All my ingredients. |
It incorporated several elements of baking that I find vexing - like the need to go to Whole Foods for a strange and expensive ingredient (juniper berries?), the finished product requiring complex assembly, the use of three (3) separate complete elements, and a wholeheartedly unrealistic amount of time spent doing active work (not, say, cooling something on the counter or baking something in the oven). So, not only was it a great deal of work, but it tasted gross. This saddened me. But! (There's always a but.) I had fun making something that I never would have made otherwise, and the cake part itself tasted delicious.
First, I planned. I got most of the stuff I needed on a grocery run - in the process acquiring more dairy than our fridge has held in months: buttermilk, whole milk, and creme fraiche. Then, I traded picking up a friend at her mechanic for a cup of leftover gin she had since I didn't want to buy a whole bottle. (Meanwhile thinking to myself, isn't a cup of gin, like, a LOT of gin??). Finally, I resigned myself to going to Whole Foods after class one day to buy a four-dollar jar of dried whole juniper berries. I will be personally indebted to anyone who finds another recipe with which I can use any more of the (barely touched) bottle of juniper berries, by the way.

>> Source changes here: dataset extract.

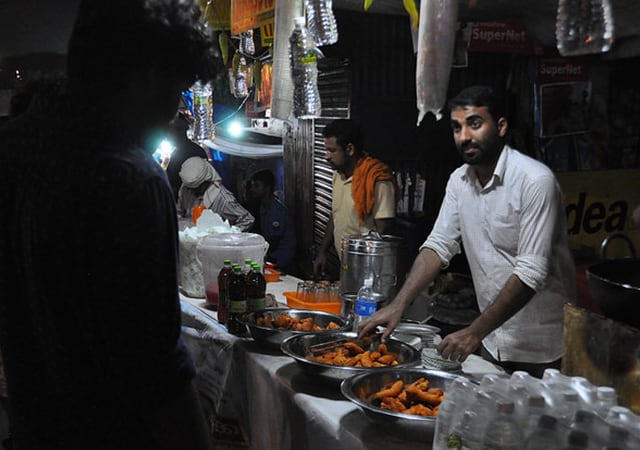 Eat Food from Naadan Thattukada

The cake part, like I said, was delicious and simple enough. Just a yellow cake batter, using buttermilk, which gave it a lovely soft crumb and a delicately sweet flavor. Scrumptious.
Then, I spent 45 minutes cooking down milk and sugar into a syrup of such sickening sweetness that even mixing it into 8 ounces of creme fraiche didn't make it not taste like a cavity.
Finally, I followed the recipe exactly and attempted to make a gin, sugar, juniper berry, and dried tart cherry syrup thing to also put with the cake. Total fail. There was nothing syrupy about it, and the cherries were macerated within minutes. I took one taste after cooking it for at least twice the amount of time called for (in an attempt to reduce the vast volume of liquid) and it was like taking a shot of gin in a spoon. I'm not in college anymore, so this made me gag.
The finished product. |
Anyone else had some recent cooking adventures they'd like to share?